APPLYING KNOWLEDGE AND UNDERSTANDING
- Develop financial smart contracts and cryptoassets on a trustless blockchain.
- Formulate statistical models for FinTech and InsurTech applications using advanced machine learning techniques.
- Choose adequate technologies, data sources and machine learning models to support a particular FinTech business idea.
Teaching methods
- Face-to-face lectures
- Online lectures
- Guest speaker's talks (in class or in distance)
- Individual assignments
- Group assignments
- Interactive class activities (role playing, business game, simulation, online forum, instant polls)
DETAILS
This course is designed for a high level of participation and interaction. We'll have online and face-to-face lectures, complemented by hands-on lab classes in which we develop prototypes of what was discussed in the lectures. We will run simulations and let our models compete against each other. Furthermore, there is a semester-long project which gives you plenty of opportunity to develop and demonstrate your own ideas.
Assessment methods
Continuous assessment | Partial exams | General exam | |
---|---|---|---|
|
x | ||
|
x | ||
|
x |
ATTENDING STUDENTS
With the purpose of measuring the acquisition of the above-mentioned learning outcomes, attending students’ assessment is based on three components:
- Short quizzes (25% of the final grade), open and closed questions aimed to assess students’ understanding of the core material of the course. The quizzes are open book and can be taken remotely via Blackboard.
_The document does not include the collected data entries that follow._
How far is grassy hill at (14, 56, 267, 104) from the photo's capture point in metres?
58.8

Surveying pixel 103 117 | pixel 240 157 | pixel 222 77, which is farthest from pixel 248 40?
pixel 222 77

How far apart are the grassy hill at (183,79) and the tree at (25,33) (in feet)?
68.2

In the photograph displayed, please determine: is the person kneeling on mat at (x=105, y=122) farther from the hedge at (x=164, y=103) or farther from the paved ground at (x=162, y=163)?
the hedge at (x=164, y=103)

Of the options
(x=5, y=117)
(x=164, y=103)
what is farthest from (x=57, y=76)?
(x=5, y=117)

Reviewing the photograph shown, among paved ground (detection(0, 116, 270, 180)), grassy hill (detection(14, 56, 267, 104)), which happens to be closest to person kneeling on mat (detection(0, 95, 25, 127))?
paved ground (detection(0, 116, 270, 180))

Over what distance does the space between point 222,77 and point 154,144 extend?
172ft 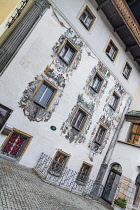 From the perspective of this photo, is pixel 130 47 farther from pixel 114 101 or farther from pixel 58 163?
pixel 58 163

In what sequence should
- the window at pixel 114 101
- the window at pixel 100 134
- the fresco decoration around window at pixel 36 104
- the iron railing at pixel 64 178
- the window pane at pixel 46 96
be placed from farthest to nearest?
the window at pixel 114 101 < the window at pixel 100 134 < the window pane at pixel 46 96 < the iron railing at pixel 64 178 < the fresco decoration around window at pixel 36 104

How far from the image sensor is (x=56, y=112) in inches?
366

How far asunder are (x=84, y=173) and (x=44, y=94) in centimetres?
650

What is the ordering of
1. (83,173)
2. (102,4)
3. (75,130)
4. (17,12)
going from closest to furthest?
(17,12)
(75,130)
(83,173)
(102,4)

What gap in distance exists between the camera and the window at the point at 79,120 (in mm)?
10359

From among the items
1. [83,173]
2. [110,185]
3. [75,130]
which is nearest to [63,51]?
[75,130]

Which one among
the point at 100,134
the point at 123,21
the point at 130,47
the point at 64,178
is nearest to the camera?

- Individual assignments (4x 10% of the final grade: one individual presentation, one group project proposal, plus two takehome assignments) to test students’ ability to apply the concepts from class in practice.
- A final group project (35% of the final grade) aimed to validate students' ability to work as part of a team, think critically and make valuable contributions that draw on the skills acquired in class.
NOT ATTENDING STUDENTS
For non-attending students (all students who fail to take at least four out of the five quizzes, either in person or remotely), the grade is determined as follows:
- General Exam (50% of the final grade) to verify student's understanding of the material.
- Individual Project (50%) to test students' ability to apply concepts from class.
Teaching materials
ATTENDING AND NOT ATTENDING STUDENTS
The teaching materials comprise of
- lecture slides
- software codes for the labs
- reading assignments
All relevant teaching materials are made available on the course page.